Introduction to Databases

Reading / References

Practice questions on the reading

Notes

Data management systems require a diverse set of operations, but there are four fundamental operations that may be desired of any such system. These are affectionally known via their acronym, CRUD:

Create
We need the ability to create new entries and records in the system. For instance a new product for our company, a new course to be offered, and so on.
Read
We need the ability to access stored information, preferably in flexible ways and with efficiency.
Update
We often need to update existing entries or records, e.g. when cash is withdrawn from a bank account, when a book returns from a loan, when a course changes name.
Delete
On occasion we may need to delete entries, often for example as a result of erroneous entry or because the record is no longer relevant.

Different management systems exist depending on the importance and use of these four operations on the current system.

Data Warehouse

Data warehouses are specifically designed to only create and read data, as well as facilitate the analysis of the data, and does not allow its modification. Warehouses are essential pipelines in the processing of data from an operational system to some other processing center. For instance the wireless access points around campus could be constantly sending information to a data warehouse about the different contact they have with the various computers, tablets and phones that use them. This information is effectively streaming constantly, and it needs to be stored somewhere and quickly retrieved for analysis, but it never has to be updated.

Similarly we could imagine a network of sensors recording temperature information from various locations, which may be fed into some analytical process. A data warehouse would be well suited to manage such a situation.

Databases
Databases are meant to support all CRUD operations. They are therefore best suited for record-keeping working with data that requires updates. A bank's account information would be a good example of the need for a database. While information about the various transactions requested at a bank's ATMs or the internet could be stored well in a warehouse, the actual account information might best be served in a database that allows the update of those accounts.

Transactions and ACID

Databases are built around the idea of processing transactions. A transaction is one or more operations that make up a single task, considered together as a unit. For example a money transfer requires a number of things:

These things need to happen as a unit: We don't want the target account to be credited some money without also withdrawing the money from the source account. We also would not want to withdraw the money from the source account without also ensuring that it get deposited to the target. If we do these steps in order and the power goes out halfway through, we don't want to be left in the middle of it. So the tasks in a transaction must either all happen or all not happen. If something goes wrong halfway through the process, we need to have the ability to do a rollback.

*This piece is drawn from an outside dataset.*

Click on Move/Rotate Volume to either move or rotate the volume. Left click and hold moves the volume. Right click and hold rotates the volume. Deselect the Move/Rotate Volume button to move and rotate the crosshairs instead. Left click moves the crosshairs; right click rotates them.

Four principles guide this behavior:

Atomicity
Atomicity refers exactly to the idea that either the entire transaction happens, or none of it happens. We need to have the ability to return to the state before the transaction started. A successfully processed transaction is said to have undergone a commit, while a failed would undergo a rollback.
Consistency
Consistency refers to rules that may be in place about the state of the database, and ensuring that any committed transaction leaves the database in a valid state. For instance we should not be allowed to remove a course from the database and at the same time leave students somehow marked as "enrolled" in that course. Or we shouldn't be allowed to delete a course without also deleting the sections of it. Or we might have a rule that says that we cannot have a course without a least one instructor assigned to it.
Isolation
Transactions must be independent of each other. Or to be more precise, changes to a transaction must not be visible to other transactions until the transaction has completed. Consider for example the Read-Withdraw-Update money transfer example we considered, and imagine two different transactions like that both reading from the same account. They may both "read" that there is enough funds there for their transaction, and then they would both attempt to withdraw, where there might have only been enough funds for one transaction. The system must be such as to not allow this to happen: A transaction should not be able to update a value that is in the process of being updated by another transaction, if those transactions happen in parallel.
Durability
The effects of a transaction should persist in the system. An account withdrawal shouldn't simply vanish if a power loss occurs.

Relational Databases

One of the most popular types of databases are the so-called relational databases. Data is arranged in tables, each table consisting of records with predetermined fields. For instance in our student evaluation database there is a students table, whose records contain three fields, for login, first name, and last name.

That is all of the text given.